Alaska Paleteria y Neveria, that is.

The Irving Park ice cream shop (neveria in Spanish) opened in April 2012 at 3446 W. Irving Park Road as a Latino alternative to the neighborhood Baskin-Robbins.

Silvia Fernandez, who owns the shop with husband Bolivar, was born in Chicago but raised in Mexico. By the time she returned to the U.S. as a teenager, she'd grown accustomed to paletas (Mexican fruit popsicles) and had developed a completely different sweets palette.

"There was no ice cream store where you could find those unusual flavors," said Fernandez, who lives just blocks from the shop. "It was pretty much an idea to have something else."

At Alaska, three-gallon tubs of American standbys like Oreo and vanilla sit side by side in the freezer case with pine nut, piña colada, avocado, chongos zamoranos (sweet milk curd with cinnamon) and Gansito, which incorporates a Mexican snack cake.

Mango is the runaway top seller, thanks in part to Alaska's most-ordered treat, the vampiros (vampire), a concoction of mango sorbet, blood-red vegetable sauce and a heaping pile of chopped mango.

"It's fresh, it's light, I like the spiciness, I like the sourness," said customer Mar Flores, a self-described foodie and recent transplant to Albany Park from Elgin. "I'm Hispanic, I grew up on that."

The Fernandezes make all of the shop's paletas and ice creams themselves, and in the spirit of authenticity, Silvia traveled to Mexico to study with the masters.

Family and friends scoured the country for a shop owner willing to take on an apprentice.

"One lucky day, we found someone," said Fernandez, who spent a week of 10-hour days learning the craft.

"Oh my god, it's a lot of work," she said.

But instantly rewarding.

"Our first paletas, they looked so pretty. We were showing our friends our freezer full of paletas, they couldn't believe it. Who would have thought, us paleteros?" she said.

Partly to maintain quality, partly due to a lack of freezer space, Alaska's ice creams are made in small batches, no more than six gallons at time. Some flavors, like the popular mango, are mixed daily.

Favorable word of mouth has pulled in customers well beyond the expected Latino base.

"It's a mix, about 50-50 Latino and white," Fernandez said. "Almost every day there's new people coming."

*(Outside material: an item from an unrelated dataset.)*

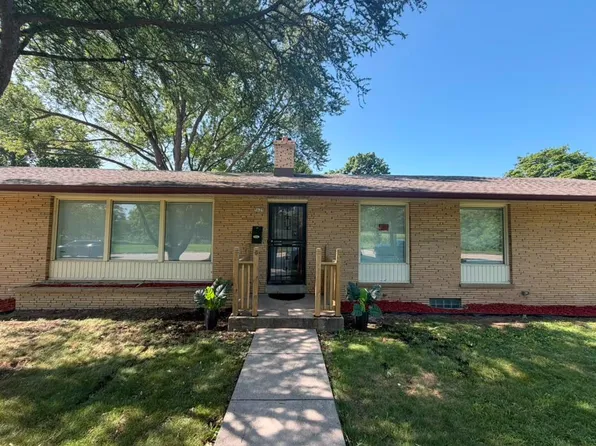 5629 W Lincoln Creek Dr, Milwaukee, WI 53218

In fact, Bolivar Fernandez chose "Alaska" for its broad appeal, as opposed to most paleterias that tend to incorporate Michoacan into their names. "He wanted something not so Mexican," said his wife.

After trying her hand at a number of jobs — hairstylist, daycare provider, H&R Block tax preparer — Fernandez seems to have found her true calling in ice cream.

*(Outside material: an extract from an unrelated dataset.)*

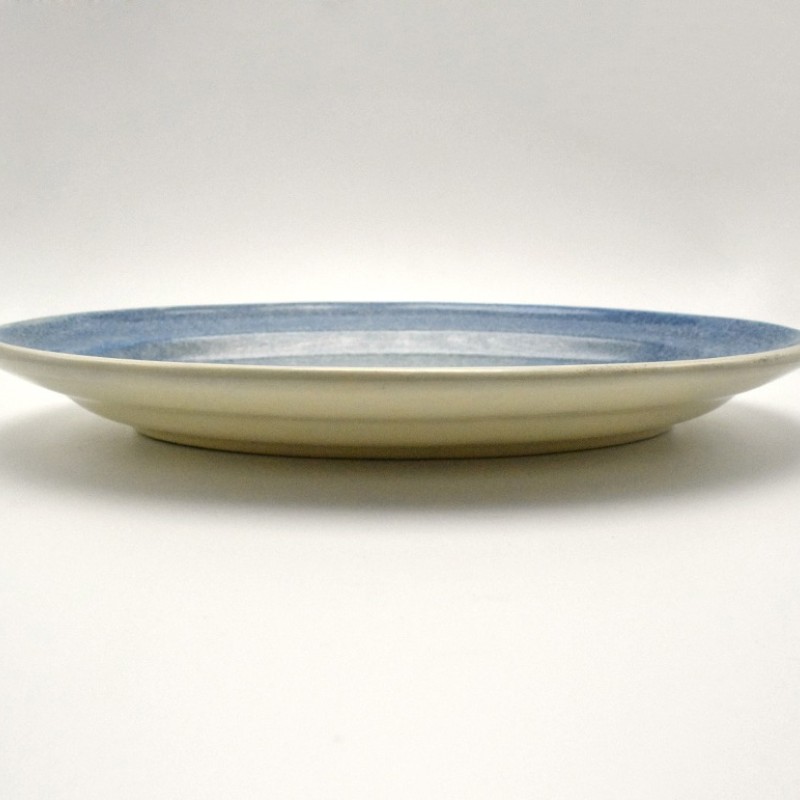 Πιατέλα οβάλ λευκός πηλός με χταπόδι σε μπλε φόντο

"I think I'm a creative person, since I was a little kid," she said. "I have so many ideas in my head."

One of those ideas, for a strawberry cheesecake ice cream, is now one of Alaska's best sellers.

"You know the basics," she said. "You just try adding ingredients. The first time, it's not right. The second time you say, 'We need to put more of this, not too much of that.'"

For Fernandez to pull more of those ideas out of her head — tequila, Kahlua and even an ice cream based on Mexican egg nog — she needs more room.

"People keep asking for more space for parties," Fernandez said. "We could offer more products."

Which is why, barely a year after opening their first shop, the couple has already inked a lease to expand to a second Alaska location on Lawrence Avenue, just west of Kedzie.

"My little girl said, 'Why are we opening another one?' It means less time with them," said the mother of two. "That's one of the things we've had to sacrifice."

While Bolivar builds out the new store in his free time — he also works construction — Silvia holds down the fort at the original shop seven days a week scooping cones, whipping up milkshakes, dicing fruit, setting up the outdoor patio and managing supplies.

"There's so many things to do here. I don't think any other person I know would handle what I handle — it's too much work, too much stress," she said.

But ultimately worthwhile.

"My husband, he would look at people and say, 'I can't believe they're eating what we're making.'"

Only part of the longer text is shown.